**The problem**
Pull out every line from the line containing "Aamiaismajoitus (B&B) Kormorán Panzió" through the end of the material, both ends included, and reproduce it exactly. Keep pictures out.

**Data section**
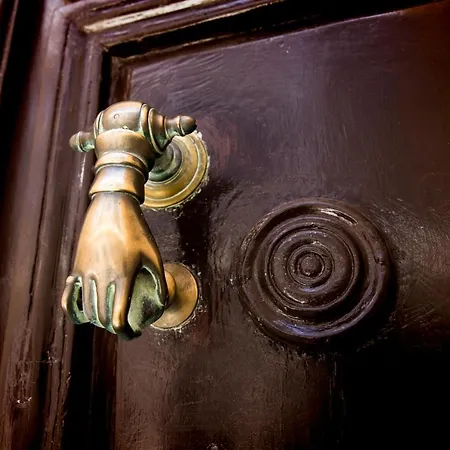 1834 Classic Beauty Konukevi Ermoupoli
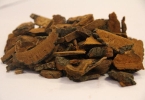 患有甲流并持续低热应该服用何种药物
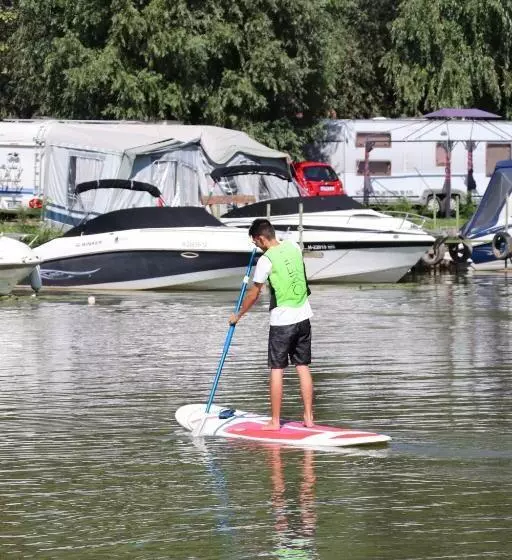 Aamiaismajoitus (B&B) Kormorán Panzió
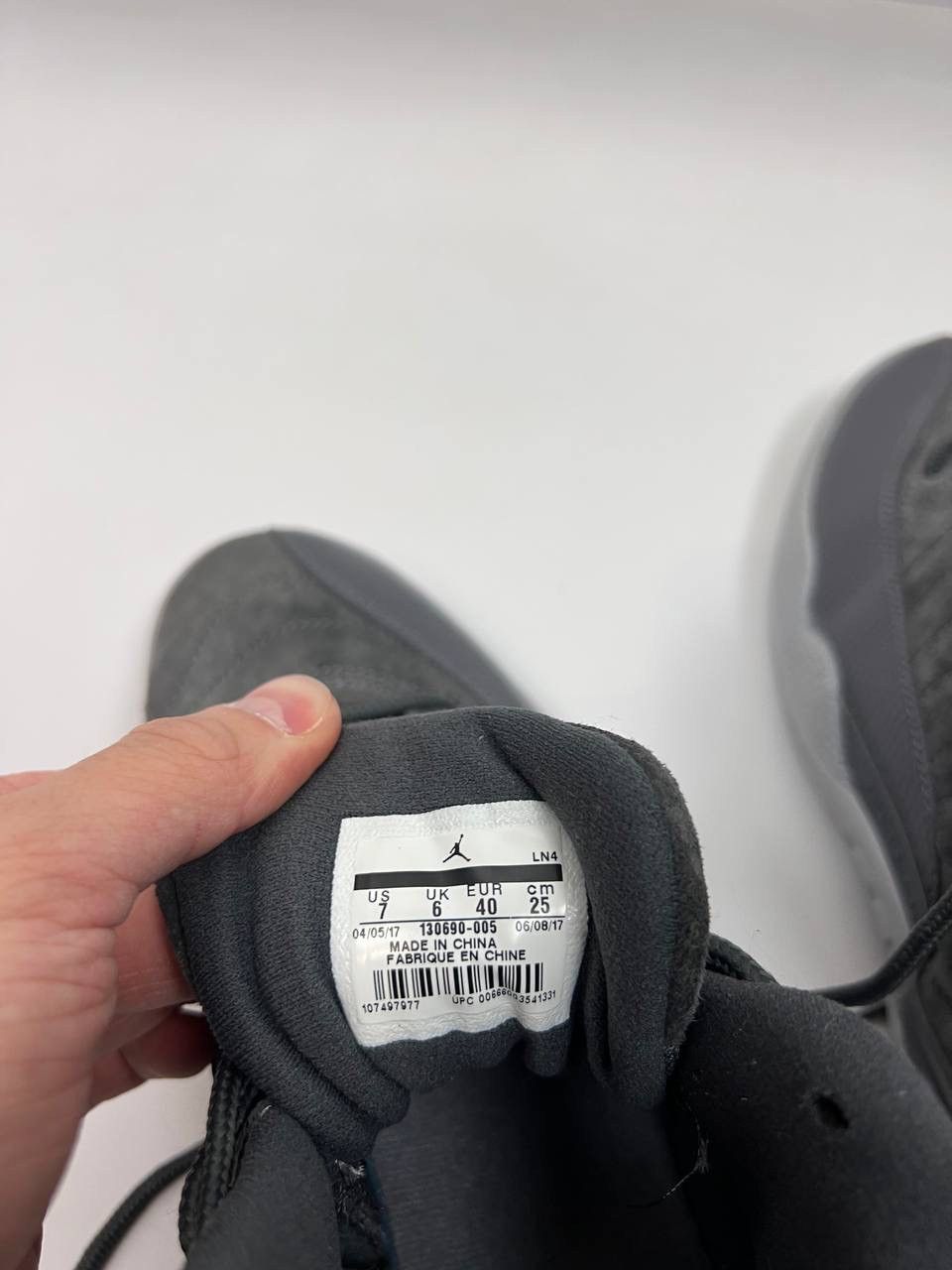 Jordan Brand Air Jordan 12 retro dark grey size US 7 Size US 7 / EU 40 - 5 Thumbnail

**Solved problem**
 Aamiaismajoitus (B&B) Kormorán Panzió
 Jordan Brand Air Jordan 12 retro dark grey size US 7 Size US 7 / EU 40 - 5 Thumbnail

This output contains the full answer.